"Since reality, however utopian, is something from which people feel the need of taking pretty frequent holidays, a substitute for alcohol and the other narcotics, something at once less harmful and more pleasure-giving than gin or heroin"
- Aldous Huxley listing technology required to placate a mass of happy servants.
As the economic conditions, the social conditions, and the psychological conditions of a society deteriorate, peoples’ focus will turn more and more towards non-existent alternative realities.
This idea first arose in my mind while studying the history of science. Because history is really just a story, and everyone likes stories, I will tell you a story, the story of science.
Our story begins around 600 BC in ancient Greece, in Miletus, with Thales. Thales suggested that everything is composed of one thing. That one thing happened to be water, but the idea that there was some unified underlying nature to everything proved revolutionary.

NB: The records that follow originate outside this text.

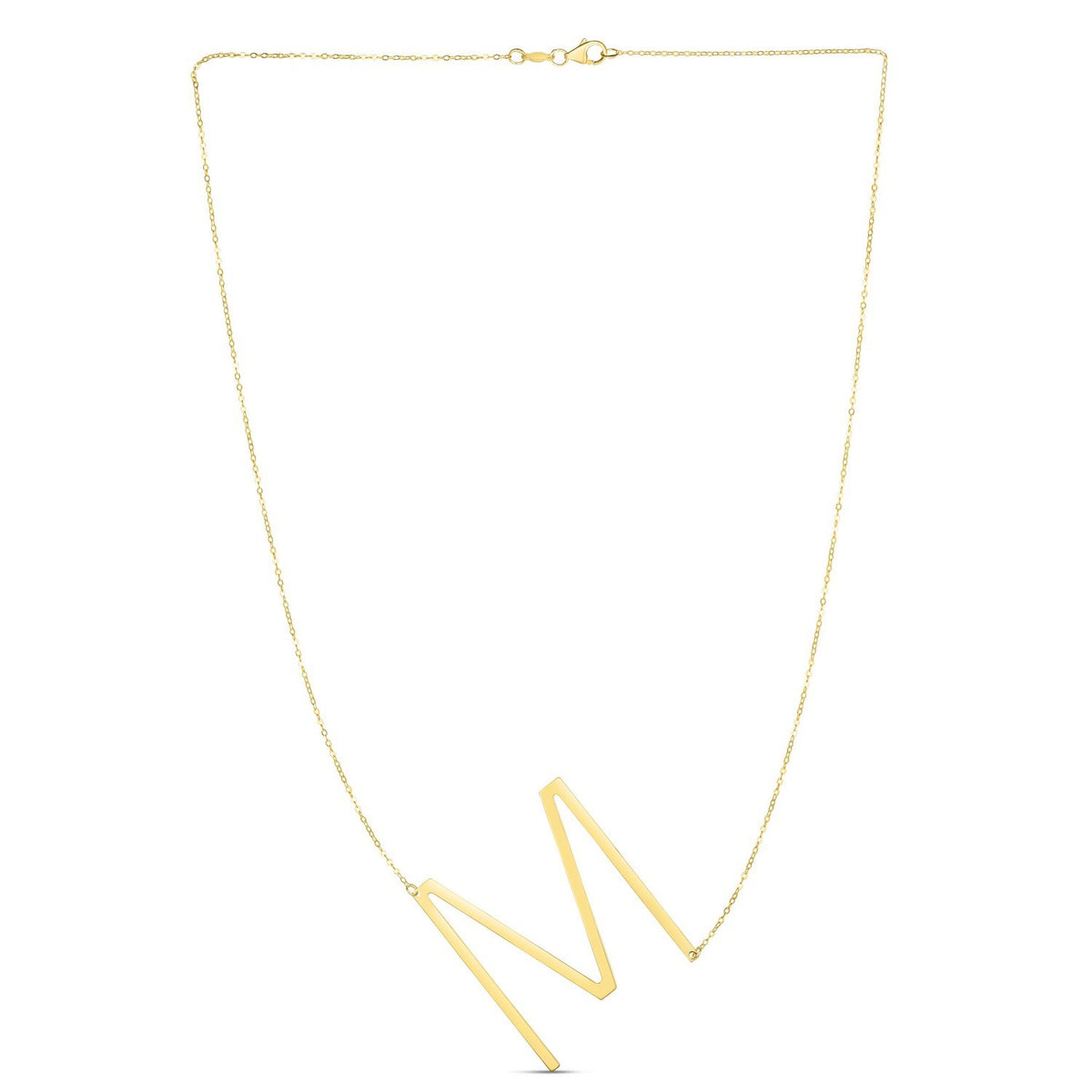 14K Yellow Gold Yours Truly Large Initial M Necklace, view 2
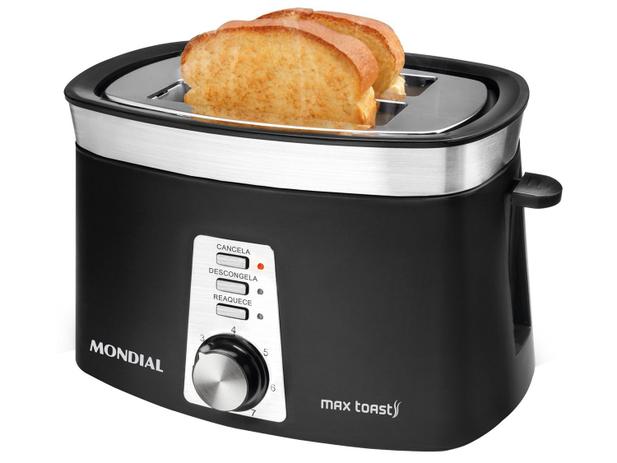 Torradeira Mondial Preta Max Toast - 7 Níveis de Tostagem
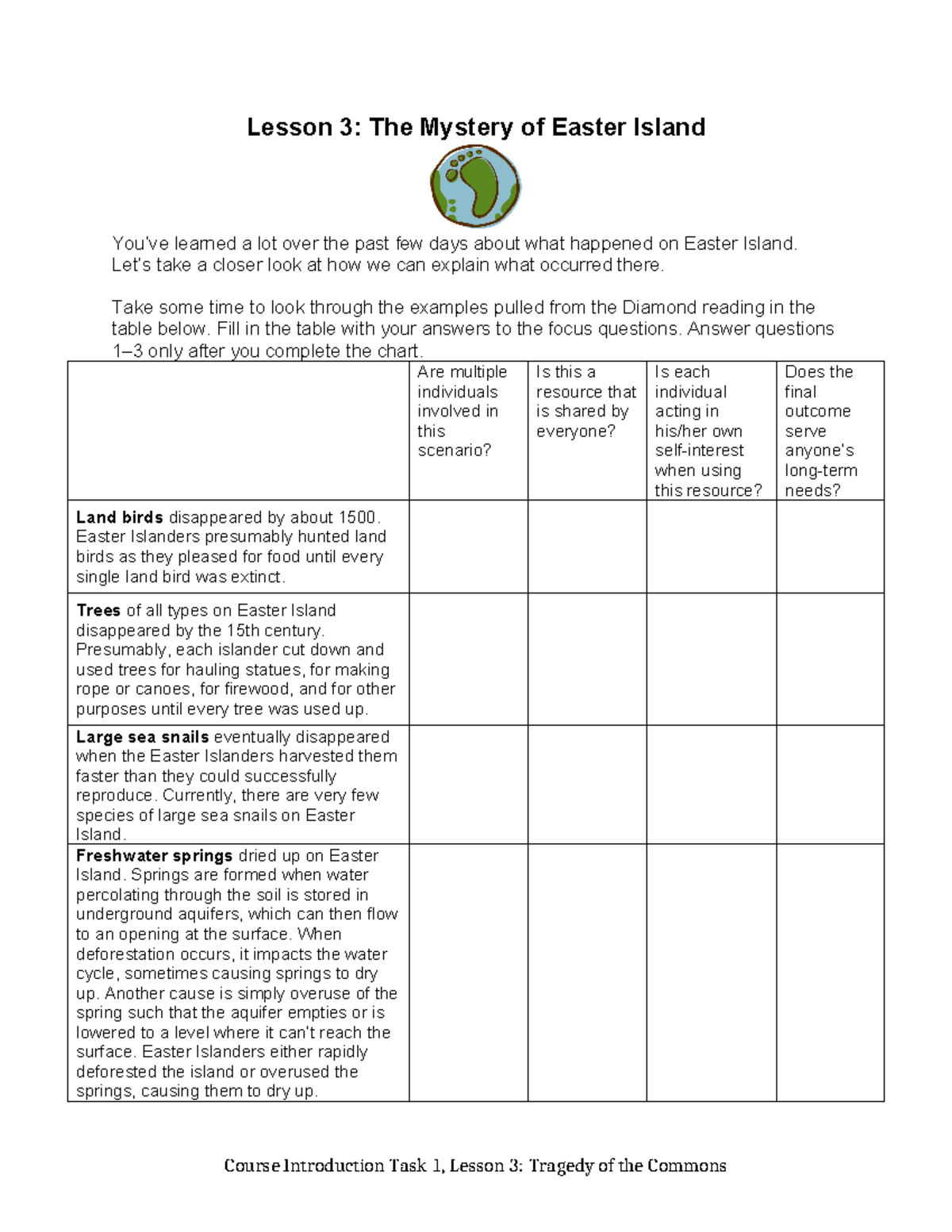 easter island mystery worksheets answers
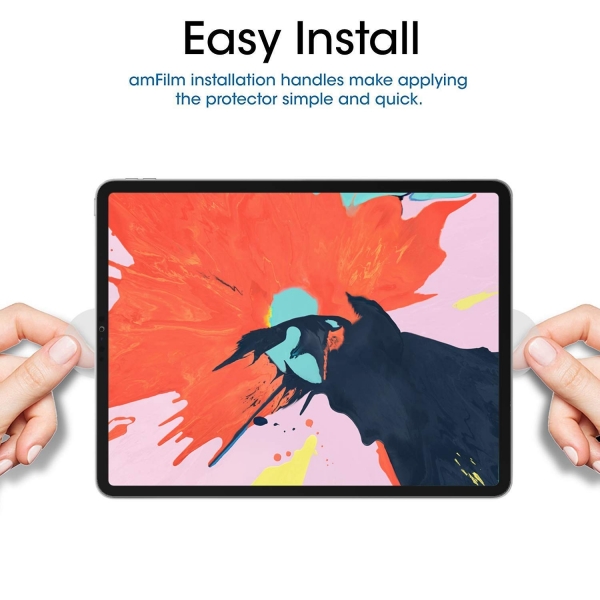 amFilm iPad Pro Temperli Cam Ekran Koruyucu (12.9in)(2018)(2 Adet)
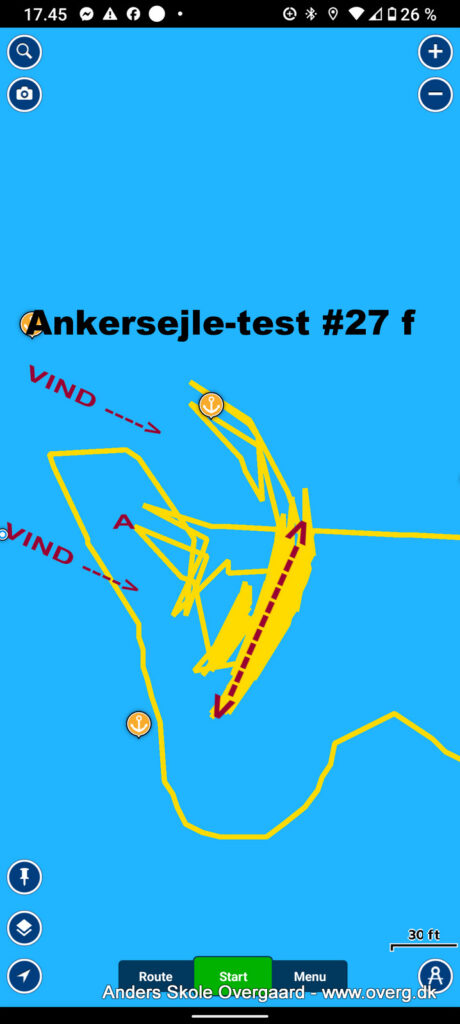 Ankersejletest #27 f - track fra min dag med test af ankersejling.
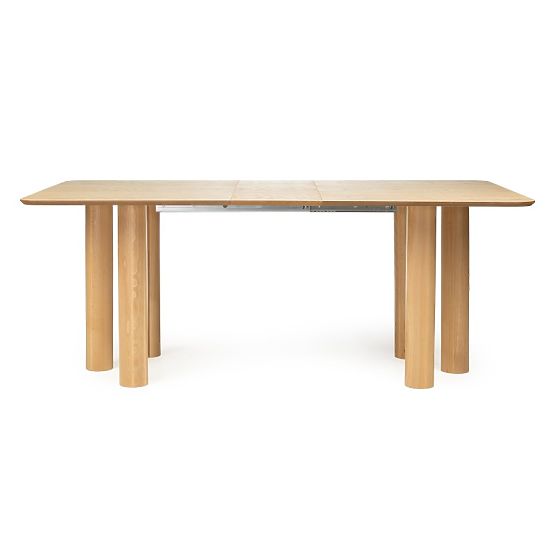 Extendable Table Loa 140-200 cm, Oak Veneer, Natural, Beech Wood, Rounded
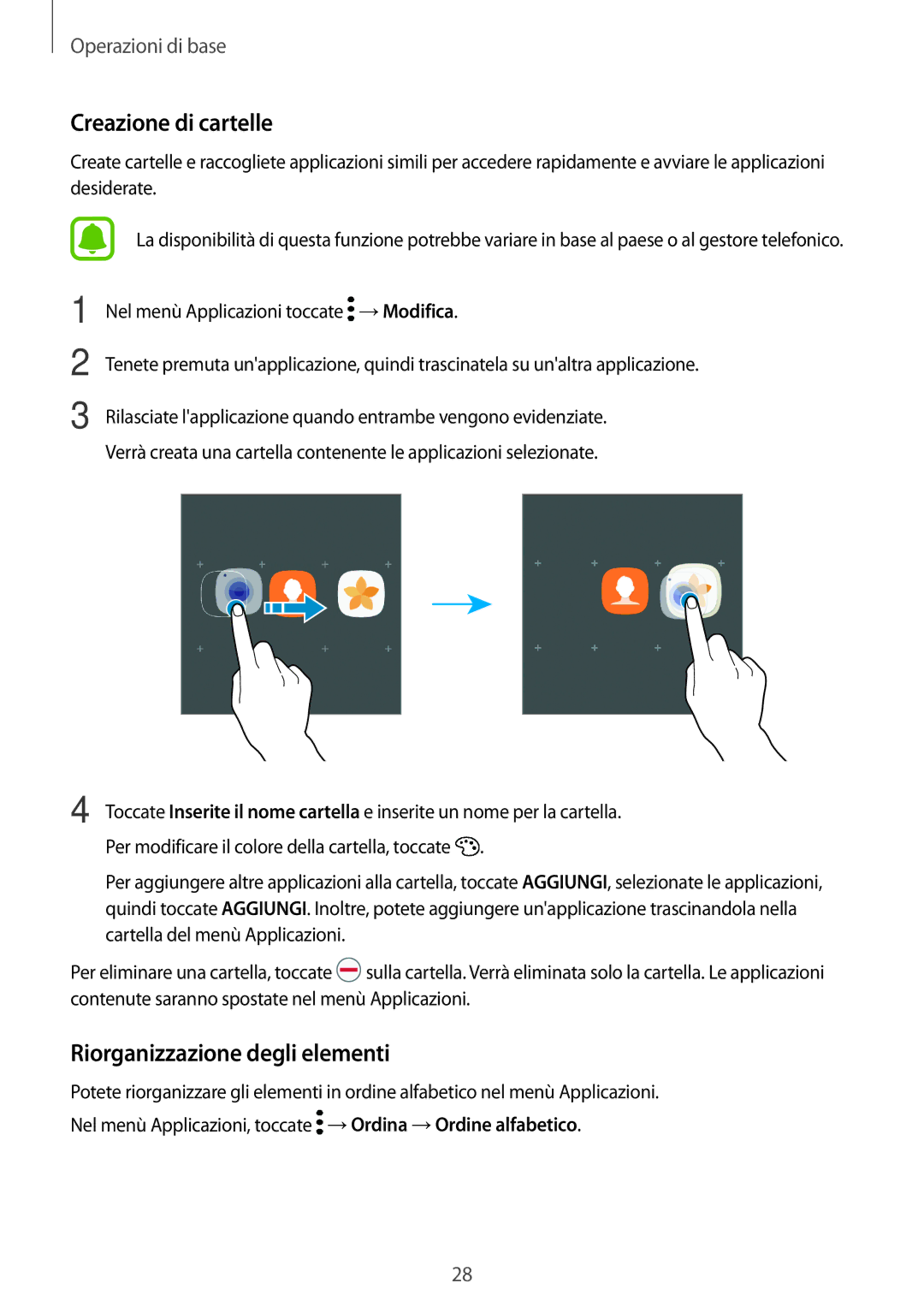 Samsung SM-G390FZKAITV manual Riorganizzazione degli elementi 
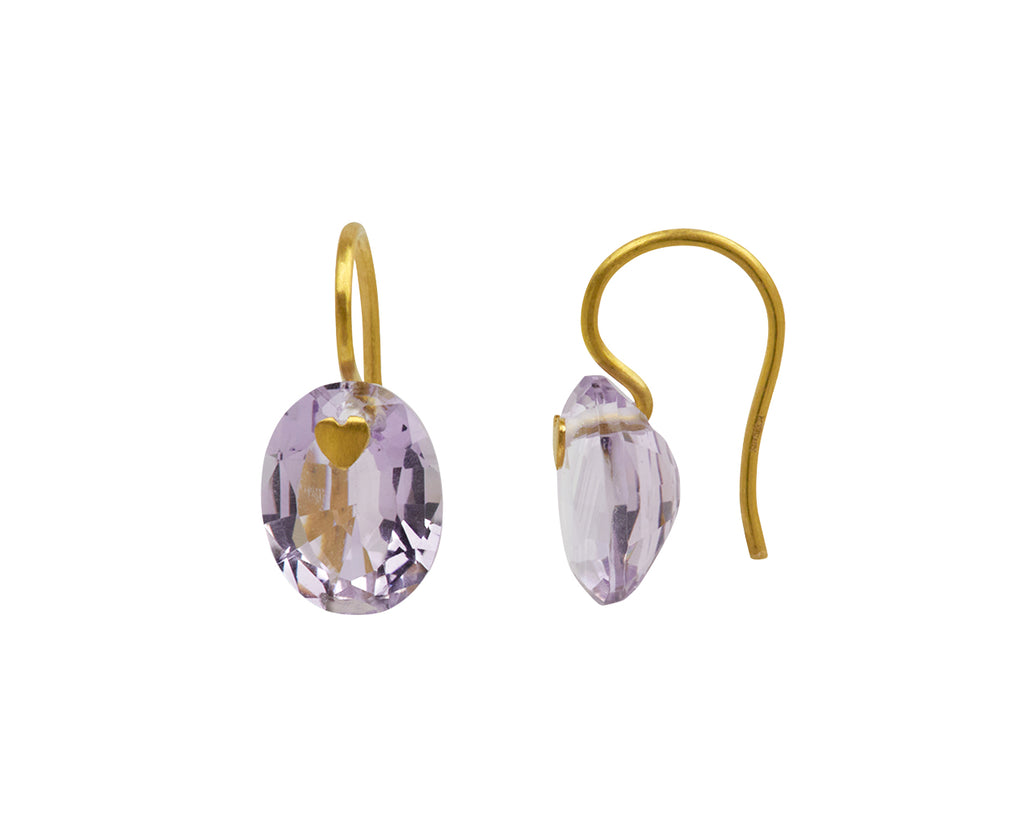 Amethyst Precious Heart Earrings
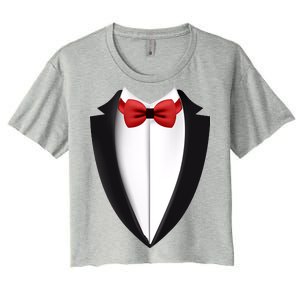 Wedding Tuxedo Women's Crop Top Tee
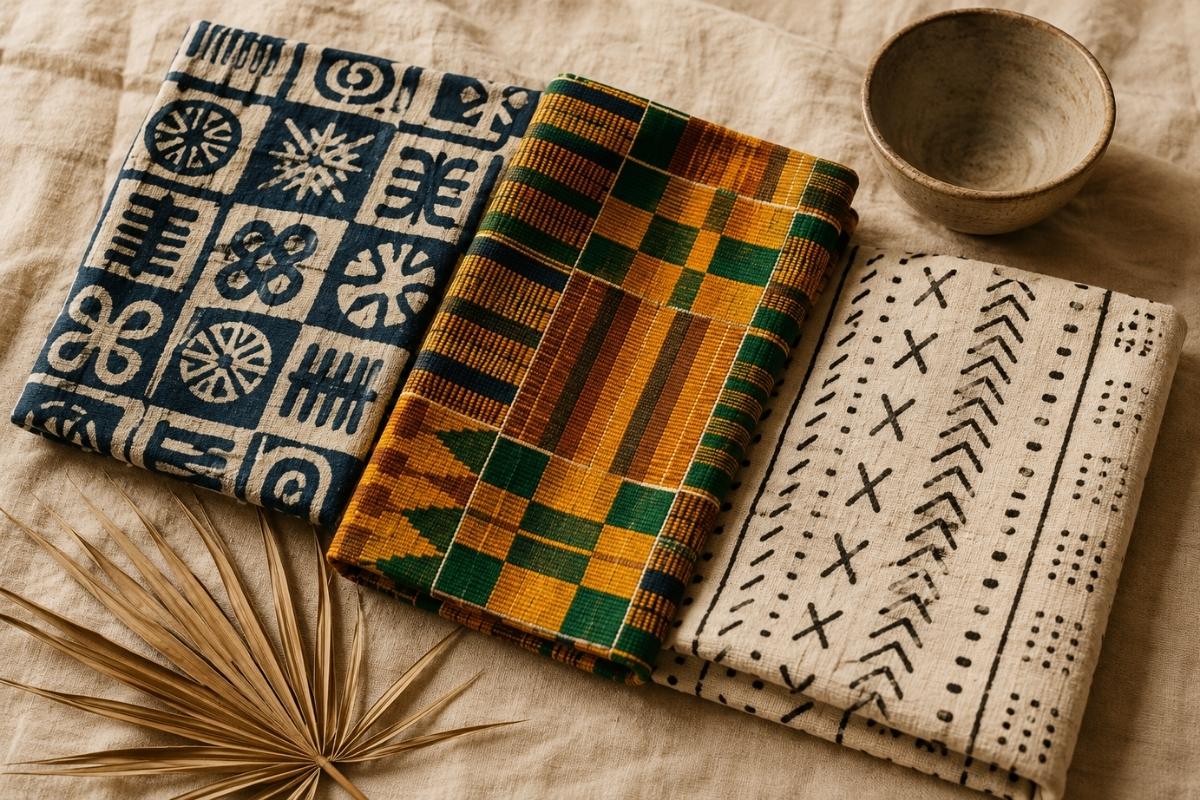 African motifs explained — adinkra, kente, and mudcloth textiles laid side-by-side showing their distinct patterns and meanings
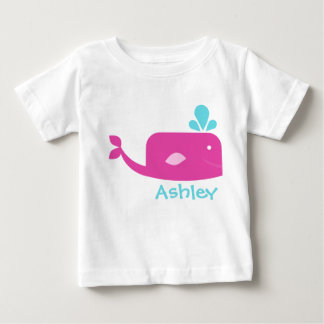 T-shirt Pour Bébé Petite baleine rose personnalisée
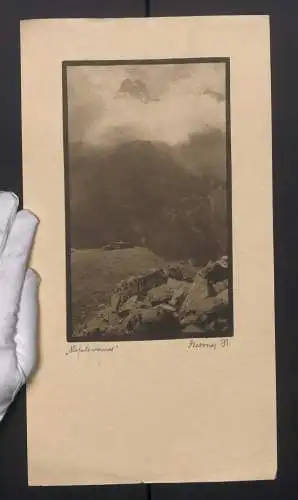 Fotografie Helmut gessner, Graz, Ansicht Sankt Leonhard im Pitztal, Titel: Rofelewand, Bromölumdruck, Signiert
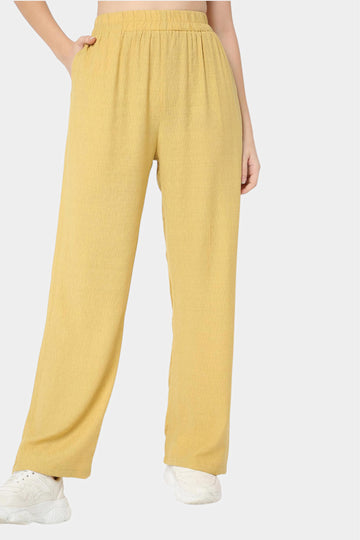 Mustard Textured Straight Fit Pants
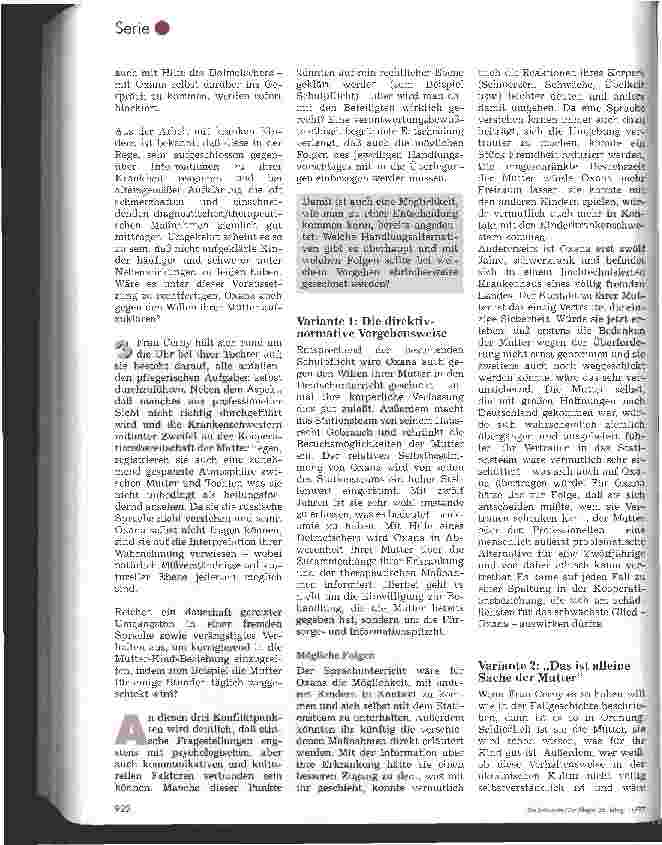 Vorschauseite 3: Ethische Konflikte in der Pflege 3. Folge: Kooperationsbeziehung zwischen Eltern, Kindern und Stationsteam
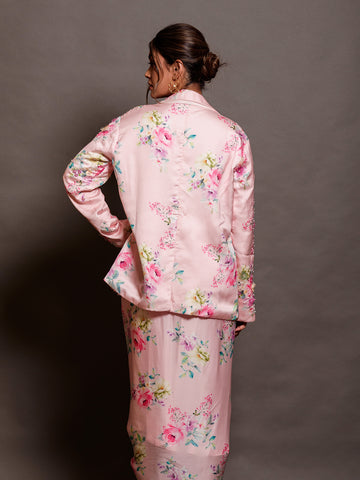 Soft Petal Pink Blazer Set with Classic Dhoti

This lead to the golden age in which other natural philosophers make other suggestions about what the fundamental nature of the universe might be; fire, air, numbers, every thing is flux, change is an illusion, etc. Philosophy takes off with Plato and Aristotle, and along with them the aspirations for science became palatable. Things were going well, people wanted to unlock the secrets of reality, this world, this life.
Then the Romans overthrow the Greeks; the entire episode seemingly crystallized in the moment that a roman solider, too impatient to let Archimedes finish his math problem in the sand, murders him. The Roman Empire does its thing, all the while the conditions, economic, social, and psychological, are deteriorating, ultimately leading humanity down into the dark ages.
As the conditions worsen the aspirations for science are shelved, and the Salvationist religions, the ones that focused on the afterlife, are sweep into popularity. Of course, it makes sense that the people did not want to concentrate on reality when they could instead direct their miserable lives towards an eternity of comfort in heaven.
Philosophy and science lay stagnating until Copernicus comes along in the 1500's. As conditions begin to improve again, people begin to return their concentration to unlocking the secrets of this world. By the late 1600's Newton has produced a fully fledged science, hurray! And science continues on happily ever after, until now, or something. So much for story telling.
The theory that I am suggesting is that there is a correlation between the quality of life and what people focus on. It makes sense; when this world is crap, we turn to other worlds to fulfil our desires for flourishing, when the conditions in this world are good, we prefer to flourish in this world.
I do not know how many people today manage to make their lives bearable through the promise of a better afterlife, so I'm not going to talk much about that any more. I do however know a great many people who make their lives bearable through immersing themselves in another world, the World of Warcraft. Have we slipped into a new dark age? Yes, if the theory is correct. We should take the mass return to superstition and spirituality, along with the development of better escapist narcotics, videogames, books, etc, as a sign that the times we live in are not that pleasant.
My whole point was going to be that Christianity sucks because it is so concerned with the afterlife, and that I don't see much difference between that and spending your life in a virtual world (of warcraft). Either way, you might as well be dead.